Senior ministers have defended Labor’s support for Palestine after the suspension of Fatima Payman for voting in line with what she believed to be the party’s platform. 

Prime Minister Anthony Albanese upped Senator Payman’s one-caucus suspension to an indefinite benching after she doubled down on her decision to cross the floor and vote in support of recognising Palestinian statehood. 

Labor’s policy platform includes recognition of a Palestinian state but with no timeline and some caveats attached. 

Senator Payman’s defiance had derailed the government’s plan to talk about tax cuts and cost-of-living relief, Mr Albanese said. 

“Let’s be very clear, it’s not because of her support for a policy position that she’s advocated,” he told ABC radio on Monday.

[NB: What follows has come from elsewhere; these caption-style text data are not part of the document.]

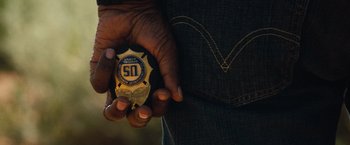 Movie still from “2 Guns” (2013), directed by Baltasar Kormákur – A person holding a badge in their hands; Extreme Close Up shot, Overhead angle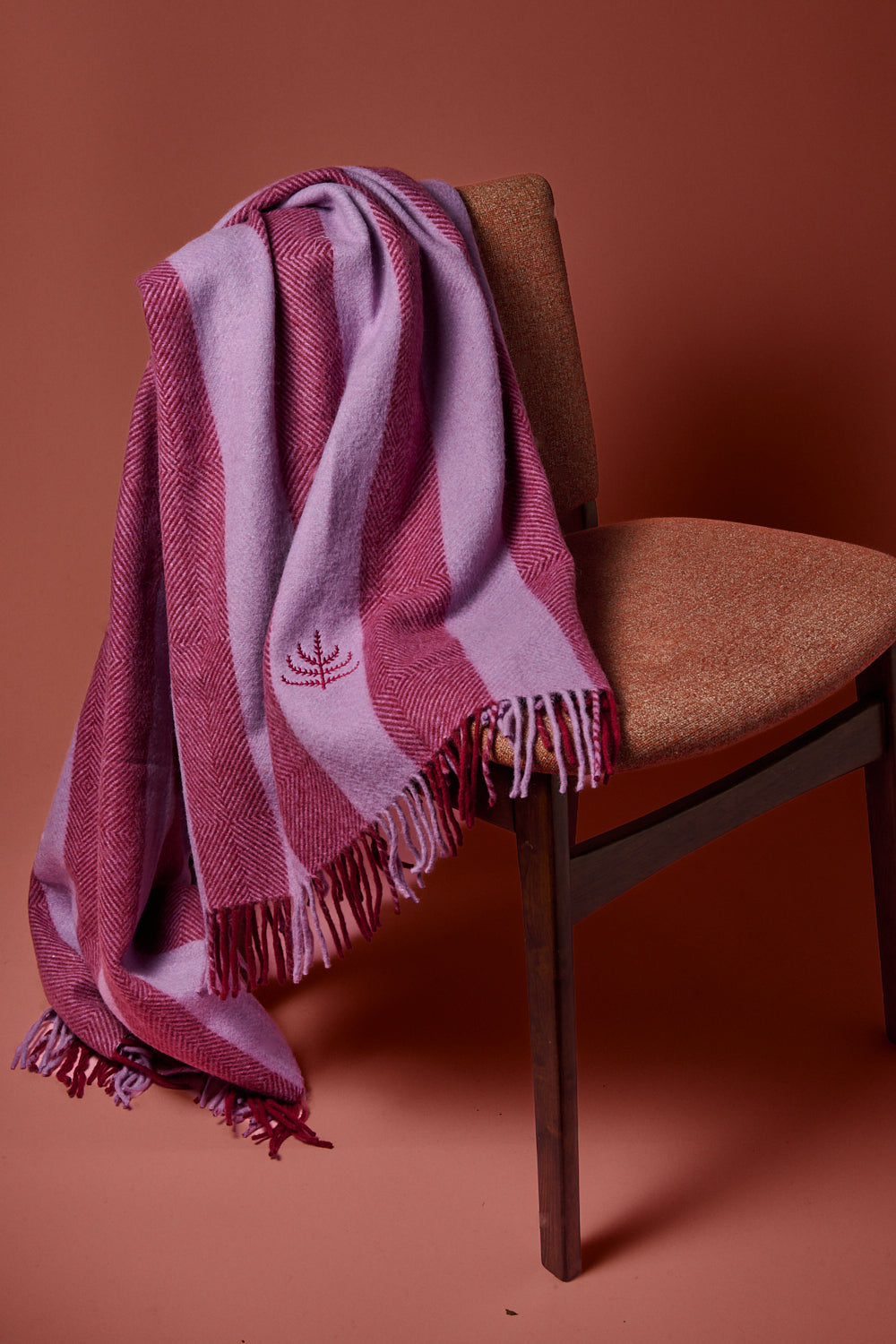 Lilac and mulberry striped blanket with the spring and Mulberry logo draped over a wooden chair against a brown background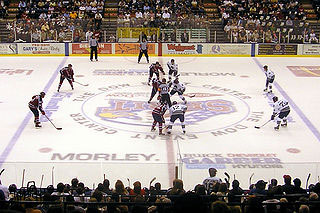Image of a game of ice hockey being played inside a rink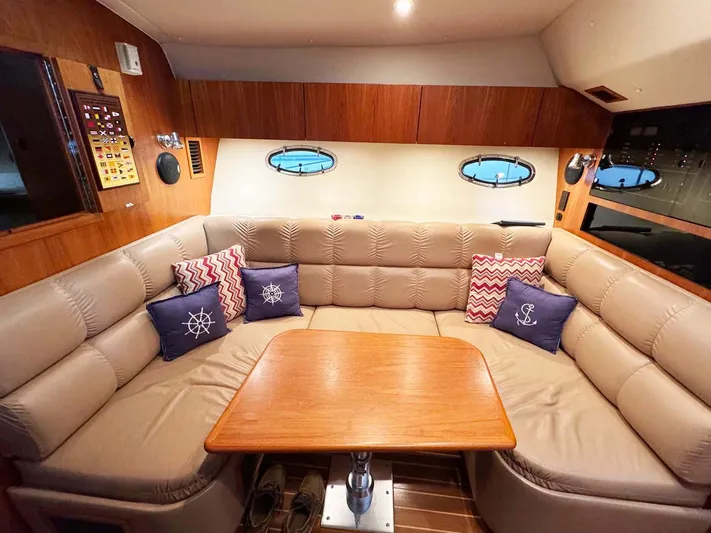 Rhumb Line Yacht Photos Pics Luxurious interior of 2000 Tiara Sport 3500 Open yacht with plush seating and nautical decor.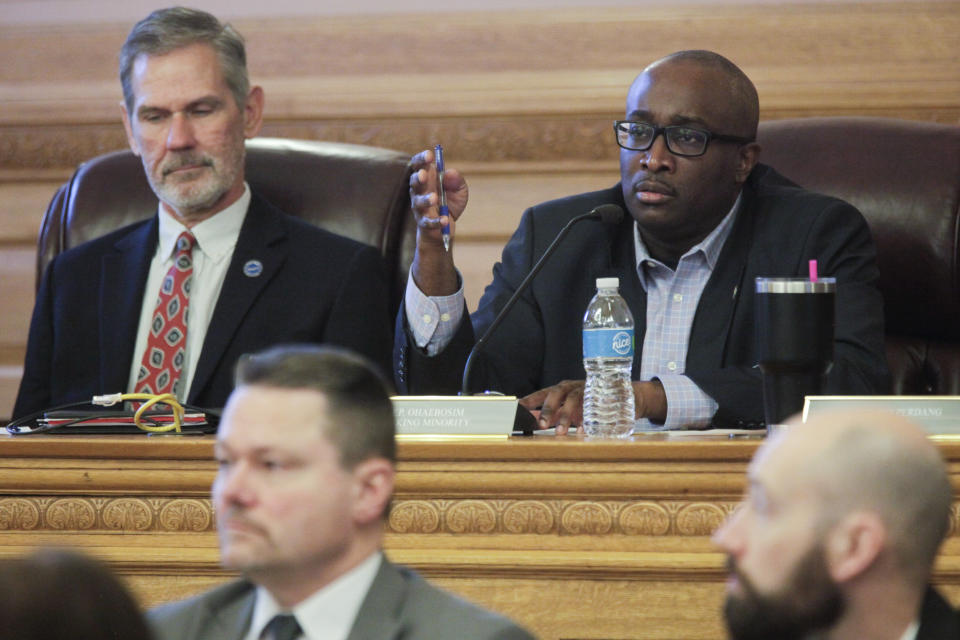 Kansas state Rep. K.C. Ohaebosim, right, D-Wichita, asks a question during a hearing on a December oil spill from the Keystone pipeline system in Washington County, during a joint meeting of two House committees, Tuesday, March 14, 2023, at the Statehouse in Topeka, Kan. Democrats asked pointed questions of a vice president for Keystone operator TC Energy. (AP Photo/John Hanna)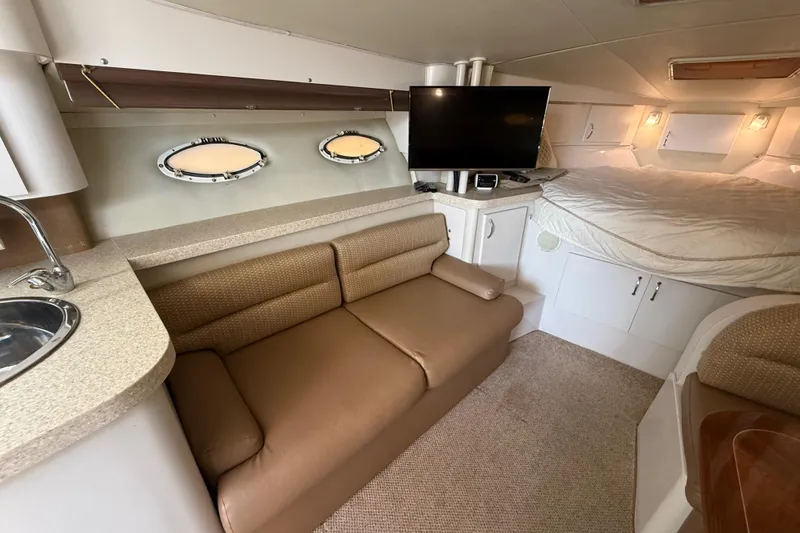 Slide: The Image of Interior of 1992 Wellcraft 3400 Gran Sport yacht with sofa, bed, and TV. - 15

“It’s a day where we want to talk about tax cuts, we want to talk about our economic support

“Instead, you have seamlessly segued into the actions of an individual which is designed to undermine what is the collective position that the Labor Party has determined.”

Senator Payman was welcome back into the tent if she accepted she could be a team player, he said. 

Mr Albanese criticised the Greens motion to recognise a Palestinian state, saying it did nothing to advance peace, but then chastised the minor party for not voting for a Labor proposal.

Foreign Minister Penny Wong attempted to amend the Greens motion.

The amendment would have added the suffix “as a part of a peace process in support of a two state solution and a just and enduring peace” to the push to recognise Palestine but was voted down. 

The Greens motion couldn’t be supported as it didn’t affirm a two state solution, Mr Albanese said. 

“And that’s a collective position that Labor has had,” he said. 

Senator Payman maintained she voted in line with her “Labor values”.

But the same values were embedded in Senator Wong’s amendment, minister Anne Aly said. 

“She could have voted for it if she, as she says, holds Labor values,” she said. 

“Had things been different, we may well have seen, we may well have seen the recognition of Palestine in the Senate.”

Without adding the context of a two state solution made the Greens push “tokenistic”, Dr Aly said. 

“I don’t want this to be tokenistic. I want this to be a very clear message to the Palestinian people that Australia supports their aspirations for statehood.”

A defiant Senator Payman pledged to cross the floor again in support of Palestinian statehood, walking away from Labor expectations that members vote as a bloc.

In her eyes, the party was “rank-and-file members, are unionists, are phone bankers, door-knockers, life-long members of the party who put together the platform,” Senator Payman said, adding she wouldn’t resign from the party.

She insisted she wasn’t a token diversity hire.

Mr Albanese said the senator was elected as part of the Labor Party, not an individual. 

“She wasn’t elected to the Senate because a quarter of a million West Australians put a number one next to her name, they put a number one in a box that said Australian Labor Party,” he said. 

The death toll in Gaza continues to mount, with some 38,000 dead, according to the local Hamas-run health ministry, following Israel’s counteroffensive after the designated terrorist group killed 1200 people and took 250 hostages on October 7.